When Do You Need to Trust a GenAI’s Input to Your Innovation Process?
In this post, co-authors Frank T. Piller, Tucker J. Marion, and Mahdi Srour reflect on the inspiration behind their research article, “Generative AI, Innovation, and Trust,” published in The Journal of Applied Behavioral Science.
In the rapidly evolving world of generative AI (GenAI), understanding how to integrate these technologies into the innovation processes effectively is crucial. In our research, we explore into how companies can harness the power of GenAI while maintaining trust in its outcomes.
Trust is a central concept when dealing with AI — we all experienced the power of ChatGPT when tasking it with knowledge-intensive tasks, but also its “hallucinations”—errors where AI generates misleading or incorrect information. In the context of innovation, this challenge is even more profound, as you want to create something new, hence do not easily know what the “truth” is.
Our collaboration began with a shared fascination for how AI can reshape innovation. Frank Piller, based at RWTH Aachen University in Germany, Tucker Marion and Mahdi Srour, who were researching at Northeastern University, connected over a startup called Ada IQ.
This Northeastern University spin-out is pioneering the integration of AI into every step of product development. Our joint interest in Ada IQ inspired us to explore how different types of AI models can be effectively employed across various stages of the innovation process.
The degree of trust required from GenAI outputs depends significantly on the phase of innovation. For instance, while GenAI’s hallucinations can be problematic in concept validation, they can foster creativity during an early ideation phase. Conversely, expert models trained on specific industry data are essential in later stages, requiring precise, domain-specific insights.
In our discussions, we quickly settled with three key questions for companies looking to integrate GenAI for innovation:
- the necessity of trust in AI outcomes,
- the choice between general and expert models,
- and the alignment of human capabilities with AI tools.
In our paper, we introduce a landscape to navigate the potential applications of GenAI in innovation management. This framework provides guidance on when to use general versus expert models and how to align AI tools with specific tasks and stages in the innovation process – always with the level of required trust in mind.

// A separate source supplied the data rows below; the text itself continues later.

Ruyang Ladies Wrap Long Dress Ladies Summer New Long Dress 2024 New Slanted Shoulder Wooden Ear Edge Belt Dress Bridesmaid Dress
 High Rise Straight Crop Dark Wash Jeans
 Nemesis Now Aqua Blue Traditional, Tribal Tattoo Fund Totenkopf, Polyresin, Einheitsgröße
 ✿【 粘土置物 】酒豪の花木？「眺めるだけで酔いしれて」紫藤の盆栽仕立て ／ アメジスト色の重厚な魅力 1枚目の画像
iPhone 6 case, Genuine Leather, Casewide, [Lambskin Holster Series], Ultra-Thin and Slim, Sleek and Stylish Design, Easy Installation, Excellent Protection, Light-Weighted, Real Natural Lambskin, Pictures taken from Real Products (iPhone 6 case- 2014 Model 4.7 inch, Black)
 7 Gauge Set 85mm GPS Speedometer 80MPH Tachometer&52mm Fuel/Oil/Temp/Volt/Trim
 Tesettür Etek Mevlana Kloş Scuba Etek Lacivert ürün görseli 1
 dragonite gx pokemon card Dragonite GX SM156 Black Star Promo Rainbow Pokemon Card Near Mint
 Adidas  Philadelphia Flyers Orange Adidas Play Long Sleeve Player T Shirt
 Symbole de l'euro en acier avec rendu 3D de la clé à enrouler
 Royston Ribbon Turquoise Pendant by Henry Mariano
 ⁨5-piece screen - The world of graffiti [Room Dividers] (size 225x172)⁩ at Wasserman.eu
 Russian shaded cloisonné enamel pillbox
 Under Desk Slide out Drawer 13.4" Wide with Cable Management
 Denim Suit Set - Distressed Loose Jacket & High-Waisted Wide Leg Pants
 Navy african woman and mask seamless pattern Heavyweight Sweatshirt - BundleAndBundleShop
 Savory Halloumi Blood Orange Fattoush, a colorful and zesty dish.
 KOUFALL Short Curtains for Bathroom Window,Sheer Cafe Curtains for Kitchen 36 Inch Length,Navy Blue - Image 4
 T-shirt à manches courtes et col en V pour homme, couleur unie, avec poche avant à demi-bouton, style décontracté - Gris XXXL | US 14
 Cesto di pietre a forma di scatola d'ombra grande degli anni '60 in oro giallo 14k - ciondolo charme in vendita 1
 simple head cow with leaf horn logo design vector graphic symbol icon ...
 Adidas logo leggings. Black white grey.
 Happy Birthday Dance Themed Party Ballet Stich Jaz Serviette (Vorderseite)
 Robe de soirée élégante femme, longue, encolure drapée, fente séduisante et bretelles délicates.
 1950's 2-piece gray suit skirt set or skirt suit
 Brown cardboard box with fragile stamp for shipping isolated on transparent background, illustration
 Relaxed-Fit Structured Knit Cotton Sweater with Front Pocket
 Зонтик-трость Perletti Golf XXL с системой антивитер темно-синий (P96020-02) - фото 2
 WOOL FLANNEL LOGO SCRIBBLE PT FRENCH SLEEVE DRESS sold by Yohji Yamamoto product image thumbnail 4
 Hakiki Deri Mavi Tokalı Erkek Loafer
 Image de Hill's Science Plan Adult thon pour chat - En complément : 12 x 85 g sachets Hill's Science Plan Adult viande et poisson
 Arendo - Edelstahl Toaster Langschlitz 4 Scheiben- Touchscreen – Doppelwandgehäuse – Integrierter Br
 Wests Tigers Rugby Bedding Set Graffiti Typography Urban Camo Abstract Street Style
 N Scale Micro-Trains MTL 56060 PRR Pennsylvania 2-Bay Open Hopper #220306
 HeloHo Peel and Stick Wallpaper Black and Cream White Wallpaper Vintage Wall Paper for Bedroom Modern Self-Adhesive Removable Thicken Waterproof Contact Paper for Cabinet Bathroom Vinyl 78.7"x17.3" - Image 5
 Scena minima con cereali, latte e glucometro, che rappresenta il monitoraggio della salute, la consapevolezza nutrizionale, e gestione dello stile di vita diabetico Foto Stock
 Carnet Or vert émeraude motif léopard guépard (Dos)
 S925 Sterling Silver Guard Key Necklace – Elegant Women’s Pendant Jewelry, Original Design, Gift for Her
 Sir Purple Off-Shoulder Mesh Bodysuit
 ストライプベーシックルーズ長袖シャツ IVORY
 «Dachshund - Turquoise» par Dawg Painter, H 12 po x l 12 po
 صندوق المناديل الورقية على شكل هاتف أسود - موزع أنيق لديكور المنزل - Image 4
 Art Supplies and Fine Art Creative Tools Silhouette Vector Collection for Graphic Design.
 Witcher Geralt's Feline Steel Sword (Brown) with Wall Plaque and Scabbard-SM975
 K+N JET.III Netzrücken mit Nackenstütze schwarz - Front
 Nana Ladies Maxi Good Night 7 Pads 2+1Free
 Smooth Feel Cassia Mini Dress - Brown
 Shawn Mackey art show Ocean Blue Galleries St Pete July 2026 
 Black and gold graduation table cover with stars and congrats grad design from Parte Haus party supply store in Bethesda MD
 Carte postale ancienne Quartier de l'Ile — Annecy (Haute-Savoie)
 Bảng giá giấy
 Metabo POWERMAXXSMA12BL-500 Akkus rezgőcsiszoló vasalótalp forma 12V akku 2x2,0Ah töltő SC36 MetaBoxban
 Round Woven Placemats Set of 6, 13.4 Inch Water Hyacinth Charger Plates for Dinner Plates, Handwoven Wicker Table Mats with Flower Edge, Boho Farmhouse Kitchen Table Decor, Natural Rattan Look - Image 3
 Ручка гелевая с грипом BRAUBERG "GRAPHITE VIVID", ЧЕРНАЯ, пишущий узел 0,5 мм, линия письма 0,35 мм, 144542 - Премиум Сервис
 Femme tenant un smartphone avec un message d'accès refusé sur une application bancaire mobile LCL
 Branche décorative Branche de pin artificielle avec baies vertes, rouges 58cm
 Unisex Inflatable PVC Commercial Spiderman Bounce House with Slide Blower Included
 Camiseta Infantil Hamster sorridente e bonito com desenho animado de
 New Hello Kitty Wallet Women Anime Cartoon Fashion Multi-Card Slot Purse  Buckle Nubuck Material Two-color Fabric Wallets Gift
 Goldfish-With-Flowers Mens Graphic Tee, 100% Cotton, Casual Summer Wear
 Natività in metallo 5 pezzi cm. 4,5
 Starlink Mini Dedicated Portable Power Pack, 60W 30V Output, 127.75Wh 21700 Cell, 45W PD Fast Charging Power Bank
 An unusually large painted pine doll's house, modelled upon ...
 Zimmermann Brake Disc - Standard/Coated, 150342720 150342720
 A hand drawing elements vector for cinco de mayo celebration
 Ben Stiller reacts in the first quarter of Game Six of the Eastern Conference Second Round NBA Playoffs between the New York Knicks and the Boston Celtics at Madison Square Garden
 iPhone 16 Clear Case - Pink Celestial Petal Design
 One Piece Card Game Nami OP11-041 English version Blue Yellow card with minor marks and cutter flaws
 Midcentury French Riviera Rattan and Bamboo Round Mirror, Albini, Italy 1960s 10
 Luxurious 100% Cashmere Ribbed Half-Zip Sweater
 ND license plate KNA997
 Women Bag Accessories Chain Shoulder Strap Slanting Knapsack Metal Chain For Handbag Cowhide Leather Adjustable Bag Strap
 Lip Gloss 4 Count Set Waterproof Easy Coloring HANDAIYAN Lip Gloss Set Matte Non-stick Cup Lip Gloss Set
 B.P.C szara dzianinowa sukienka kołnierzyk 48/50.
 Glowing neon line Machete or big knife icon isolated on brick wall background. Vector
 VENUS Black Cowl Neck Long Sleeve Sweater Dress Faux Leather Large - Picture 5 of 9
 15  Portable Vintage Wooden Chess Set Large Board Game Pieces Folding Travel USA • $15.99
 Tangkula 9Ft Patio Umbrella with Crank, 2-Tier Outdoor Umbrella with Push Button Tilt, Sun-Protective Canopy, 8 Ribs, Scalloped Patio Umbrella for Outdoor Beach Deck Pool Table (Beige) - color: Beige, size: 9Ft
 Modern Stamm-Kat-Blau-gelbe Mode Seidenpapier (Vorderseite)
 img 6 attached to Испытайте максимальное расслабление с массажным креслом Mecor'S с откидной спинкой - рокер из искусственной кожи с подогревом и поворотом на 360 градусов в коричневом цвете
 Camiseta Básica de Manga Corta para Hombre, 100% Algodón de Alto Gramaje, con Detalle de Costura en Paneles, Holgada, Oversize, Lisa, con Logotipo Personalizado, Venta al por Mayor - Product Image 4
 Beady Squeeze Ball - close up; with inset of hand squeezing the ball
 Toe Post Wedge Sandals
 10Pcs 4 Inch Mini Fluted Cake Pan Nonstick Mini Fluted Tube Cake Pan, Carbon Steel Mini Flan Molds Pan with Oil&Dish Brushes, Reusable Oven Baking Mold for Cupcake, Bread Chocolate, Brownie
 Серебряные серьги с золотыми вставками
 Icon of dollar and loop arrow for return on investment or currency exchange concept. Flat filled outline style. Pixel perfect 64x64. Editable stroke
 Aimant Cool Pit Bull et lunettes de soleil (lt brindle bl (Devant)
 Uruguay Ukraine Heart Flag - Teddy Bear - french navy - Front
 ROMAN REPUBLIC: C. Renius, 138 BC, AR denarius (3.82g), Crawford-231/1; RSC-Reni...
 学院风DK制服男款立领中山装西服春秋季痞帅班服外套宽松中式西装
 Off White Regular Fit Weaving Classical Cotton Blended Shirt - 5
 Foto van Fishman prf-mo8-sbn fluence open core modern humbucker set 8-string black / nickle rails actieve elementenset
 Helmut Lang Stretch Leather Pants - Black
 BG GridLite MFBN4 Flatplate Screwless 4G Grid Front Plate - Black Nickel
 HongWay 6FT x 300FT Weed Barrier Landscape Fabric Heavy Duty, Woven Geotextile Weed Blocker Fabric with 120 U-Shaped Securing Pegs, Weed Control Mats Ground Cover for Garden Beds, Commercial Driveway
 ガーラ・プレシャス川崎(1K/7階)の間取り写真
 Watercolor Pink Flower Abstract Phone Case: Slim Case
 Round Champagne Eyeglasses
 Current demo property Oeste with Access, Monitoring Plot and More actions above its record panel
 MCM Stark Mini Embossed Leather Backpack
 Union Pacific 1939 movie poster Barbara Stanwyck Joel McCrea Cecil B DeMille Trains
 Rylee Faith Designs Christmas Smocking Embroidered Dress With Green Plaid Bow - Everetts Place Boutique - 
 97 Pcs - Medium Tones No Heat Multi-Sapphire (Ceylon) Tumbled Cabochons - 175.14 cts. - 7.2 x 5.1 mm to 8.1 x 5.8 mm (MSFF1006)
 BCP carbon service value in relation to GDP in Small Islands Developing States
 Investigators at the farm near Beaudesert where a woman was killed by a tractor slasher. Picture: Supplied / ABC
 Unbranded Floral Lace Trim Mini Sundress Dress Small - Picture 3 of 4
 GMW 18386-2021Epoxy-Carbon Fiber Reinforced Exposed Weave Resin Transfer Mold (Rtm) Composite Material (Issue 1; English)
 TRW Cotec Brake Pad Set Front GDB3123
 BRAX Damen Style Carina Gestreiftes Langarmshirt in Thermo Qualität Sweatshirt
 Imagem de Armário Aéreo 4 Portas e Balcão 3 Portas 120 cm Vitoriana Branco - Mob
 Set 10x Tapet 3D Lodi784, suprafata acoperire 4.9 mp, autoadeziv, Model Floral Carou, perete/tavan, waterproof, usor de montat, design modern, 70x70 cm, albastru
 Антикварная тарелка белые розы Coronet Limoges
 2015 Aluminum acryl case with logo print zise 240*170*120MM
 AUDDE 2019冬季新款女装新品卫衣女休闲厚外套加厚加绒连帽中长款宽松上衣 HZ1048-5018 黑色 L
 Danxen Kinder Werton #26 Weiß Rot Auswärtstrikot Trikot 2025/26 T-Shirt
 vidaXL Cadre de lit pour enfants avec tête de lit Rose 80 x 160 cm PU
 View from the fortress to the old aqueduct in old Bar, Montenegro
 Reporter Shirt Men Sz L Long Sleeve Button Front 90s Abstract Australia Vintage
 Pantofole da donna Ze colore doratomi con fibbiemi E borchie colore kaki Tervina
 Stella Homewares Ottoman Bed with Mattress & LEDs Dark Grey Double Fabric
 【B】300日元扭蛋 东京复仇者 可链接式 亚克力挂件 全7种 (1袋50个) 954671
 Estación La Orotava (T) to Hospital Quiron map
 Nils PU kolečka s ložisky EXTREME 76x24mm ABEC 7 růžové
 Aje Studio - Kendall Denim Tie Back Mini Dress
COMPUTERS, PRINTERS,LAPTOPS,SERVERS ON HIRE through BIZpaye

In consequence, companies need to invest not just in technology but also in developing human expertise to interpret and utilize AI outputs effectively. Here, the evolving capabilities of AI, including the rise of AI agents, provide interesting new opportunities and challenges.
In conclusion, our paper underscores the importance of a nuanced approach to GenAI integration, highlighting both the opportunities and challenges of this transformative technology. By using the landscape we developed, organizations can better navigate the complexities of GenAI, ultimately unlocking its full potential to drive innovation forward.